People v. Linder
Decision Date | 07 February 2014 |
Citation | 114 A.D.3d 1200,2014 N.Y. Slip Op. 00833,979 N.Y.S.2d 754 |
Parties | The PEOPLE of the State of New York, Respondent, v. Adonis LINDER, Defendant–Appellant. |
Court | New York Supreme Court — Appellate Division |
114 A.D.3d 1200
979 N.Y.S.2d 754
2014 N.Y. Slip Op. 00833
The PEOPLE of the State of New York, Respondent,
v.
Adonis LINDER, Defendant–Appellant.
Supreme Court, Appellate Division, Fourth Department, New York.
Feb. 7, 2014.
The Legal Aid Bureau of Buffalo, Inc., Buffalo (Susan C. Ministero of Counsel), for Defendant–Appellant.
[979 N.Y.S.2d 755]
Frank A. Sedita, III, District Attorney, Buffalo (Matthew B. Powers of Counsel), for Respondent.

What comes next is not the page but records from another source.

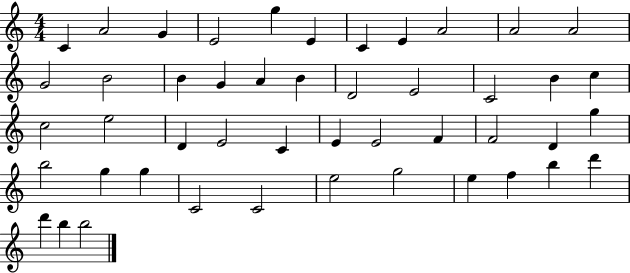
X:1
T:Untitled
M:4/4
L:1/4
K:C
C A2 G E2 g E C E A2 A2 A2 G2 B2 B G A B D2 E2 C2 B c c2 e2 D E2 C E E2 F F2 D g b2 g g C2 C2 e2 g2 e f b d' d' b b2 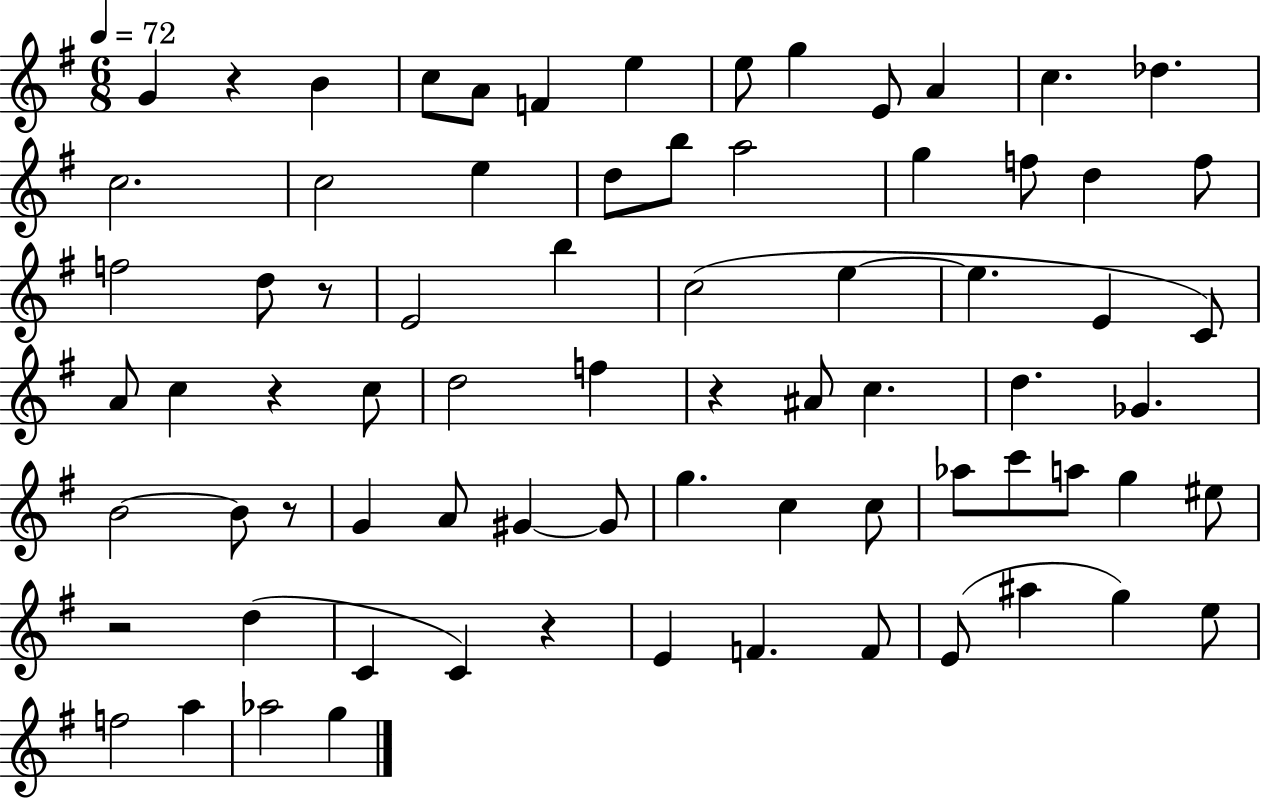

PRESENT: SMITH, J.P., LINDLEY, VALENTINO AND WHALEN, JJ.
MEMORANDUM:
On appeal from a judgment convicting him following a nonjury trial of assault in the second degree (Penal Law § 120.05[2] ), criminal possession of a weapon in the third degree (§ 265.02[3] ), and attempted robbery in the first degree (§§ 110.00, 160.15[2] ), defendant contends that County Court erred in failing to suppress identification evidence on the ground that it was the product of an unlawful detention. Although defendant's omnibus motion sought, inter alia, suppression of any and all evidence obtained by the police as a result of what he alleged to have been an unlawful detention, the court held only a Wade hearing and did not rule on the legality of the detention. By failing to seek a ruling on that part of his omnibus motion challenging the detention and by failing to object to the identification testimony on that ground at trial, defendant abandoned his challenge to the detention ( see People v. Adams, 90 A.D.3d 1508, 1509, 936 N.Y.S.2d 406, lv. denied18 N.Y.3d 954, 944 N.Y.S.2d 483, 967 N.E.2d 708; People v. Anderson, 52 A.D.3d 1320, 1321, 859 N.Y.S.2d 852, lv. denied11 N.Y.3d 733, 864 N.Y.S.2d 392, 894 N.E.2d 656). In any event, we note that “the factual assertions contained in defendant's moving papers were insufficient to warrant a hearing” on the issue of the alleged illegality of the detention (People v. Battle, 109 A.D.3d 1155, 1157, 971 N.Y.S.2d 627; see People v. Mendoza, 82 N.Y.2d 415, 425–427, 604 N.Y.S.2d 922, 624 N.E.2d 1017).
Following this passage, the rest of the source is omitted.